The subdistrict covers 157.6 km² with a population of 175,321 as of 2008. Taicheng is bordered to its east by the town of Sijiu, by the town of Baisha to its west, the towns of Sanhe and Chonglou to its south, and the town of Shuibu to its north.

With the urban center covering only some 18 km^{2}, there are 27000 mu under cultivation. Some of the subdistrict's villages are surrounded by high-rise urban development, while others lie in the rural outskirts of the township, including the village of Bihou.

== Administrative divisions ==
Taicheng Subdistrict administers 11 residential communities and 26 administrative villages.

The subdistrict's 11 residential communities are Fucheng Residential Community (富城社区), Dongyun Residential Community (东云社区), Huannan Residential Community (环南社区), Nantang Residential Community (南塘社区), Xinqiao Residential Community (新桥社区), Yuantian Residential Community (园田社区), Shanglang Residential Community (上朗社区), Hexin Residential Community (合新社区), Qiaohu Residential Community (桥湖社区), Cangxia Residential Community (仓下社区), and Fenghuang Residential Community (凤凰社区).

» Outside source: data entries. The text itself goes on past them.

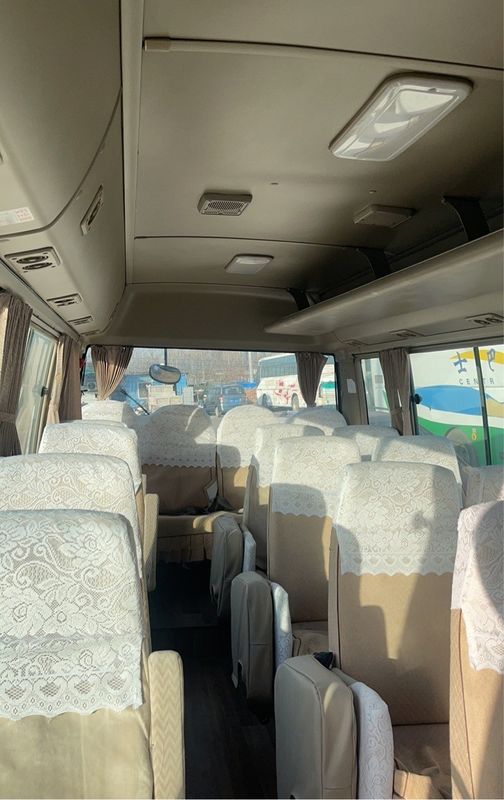 Autobús de lujo de 30 asientos Toyo Ta Coaster con potencia máxima de 113/5200kw y emisiones EURO 3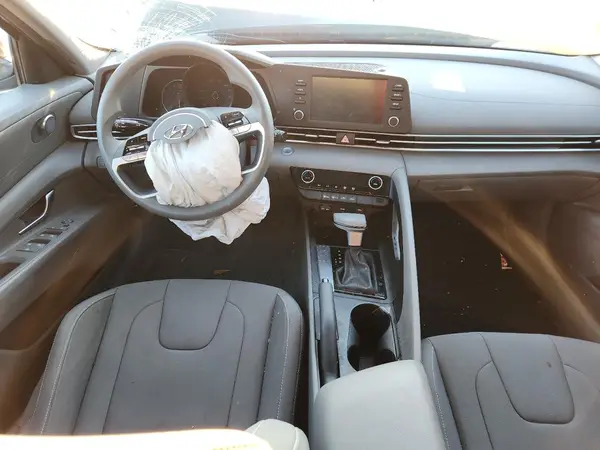 KMHLM4AG0PU610032 2023 HYUNDAI ELANTRA - Image 8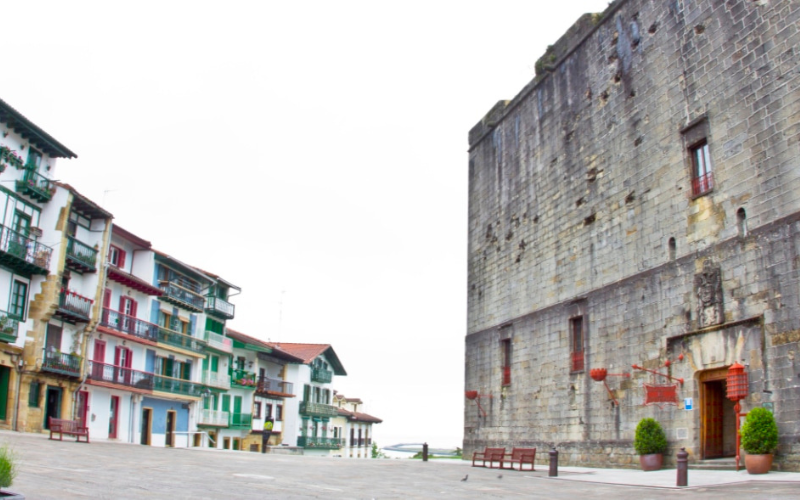 Visita guiada al Castillo de Carlos V en Hondarribia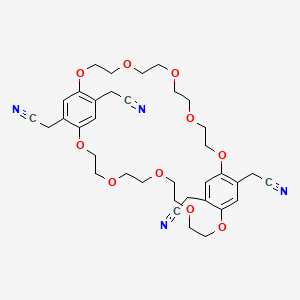 2,2',2'',2'''-(2,5,8,11,14,16,19,22,25,28-Decaoxa-1,15(1,4)-dibenzenacyclooctacosaphane-12,15,152,155-tetrayl)tetraacetonitrile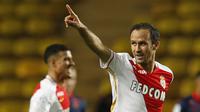 Renato Civelli bek Lille mendapat kartu merah.akibat melakukan perbuatan tak sportif dengan menyikut Ricardo Carvalho bek AS Monaco. 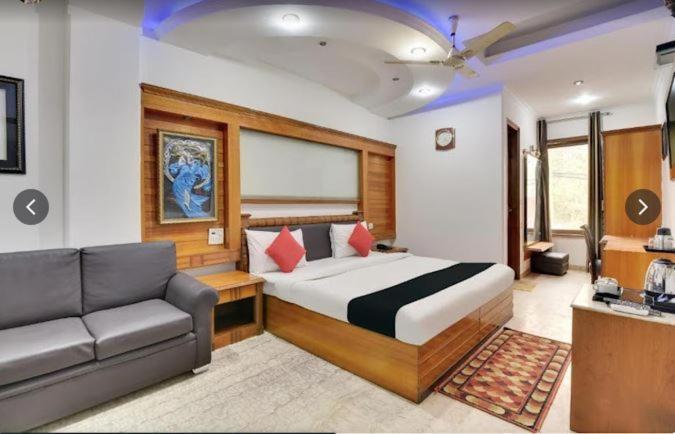 Tjs Royal Hotel Delhi  Exterior photo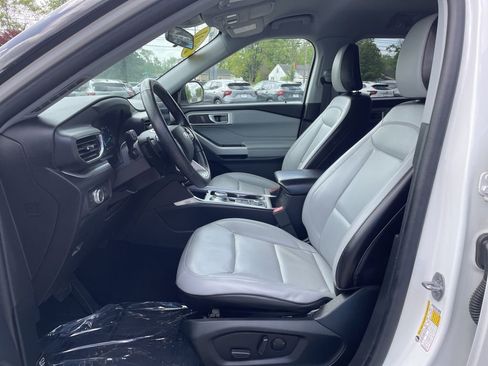 Used 2021 Ford Explorer XLT w/ Equipment Group 202A image 4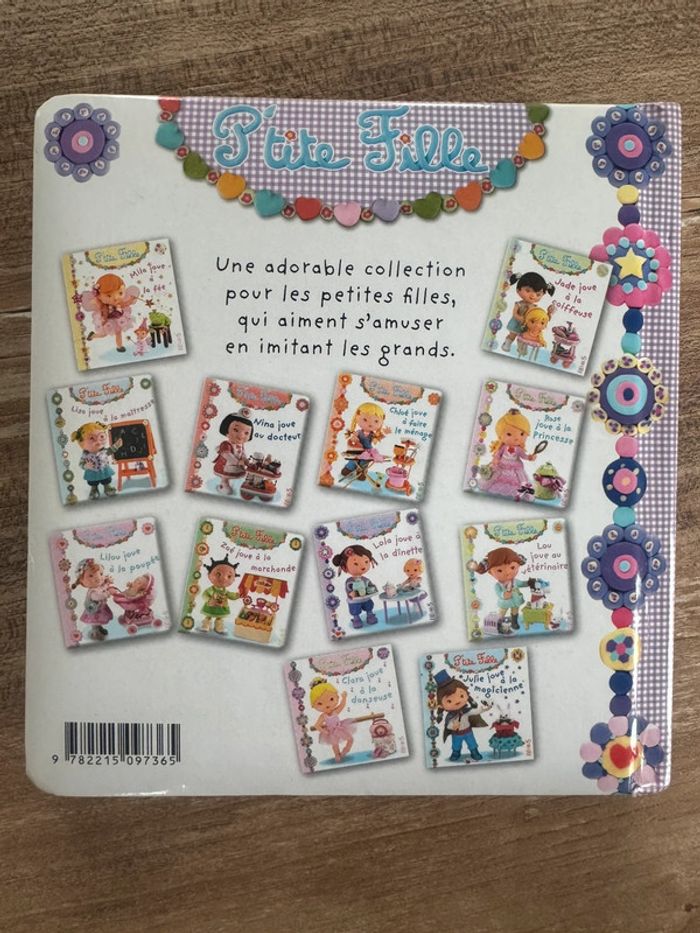 Livre Lola joue à la dînette - photo numéro 2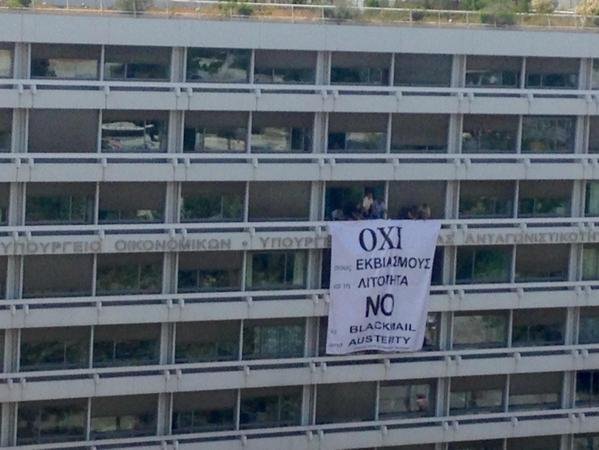 Σοκ στην Ελλάδα: Ο Βαρουφάκης ανάρτησε στο υπουργείο Οικονομικών γιγαντιαίο πανό με το «Οχι» [εικόνα] | iefimerida.gr 0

The subdistrict's 26 administrative villages are Shakeng Village (沙坑村), Beikeng Village (北坑村), Dongkeng Village (东坑村), Bangang Village (板岗村), Hebei Village (河北村), Nankeng Village (南坑村), Shihua Village (石花村), Anbu Village (安步村), Daheng Village (大亨村), Changling Village (长岭村), Xiangyanhu Village (香雁湖村), Chanxi Village (廛溪村), Henghu Village (横湖村), Libian Village (礼边村), Jinkeng Village (筋坑村), Paobu Village (泡步村), Shuinan Village (水南村), Zhudong Village (朱洞村), Pinggang Village (平岗村), Lingbei Village (岭背村), Luodong Village (罗洞村), Dancun Village (淡村村), Yuanshan Village (元山村), Baishui Village (白水村), Guishui Village (桂水村), and Sanshe Village (三社村).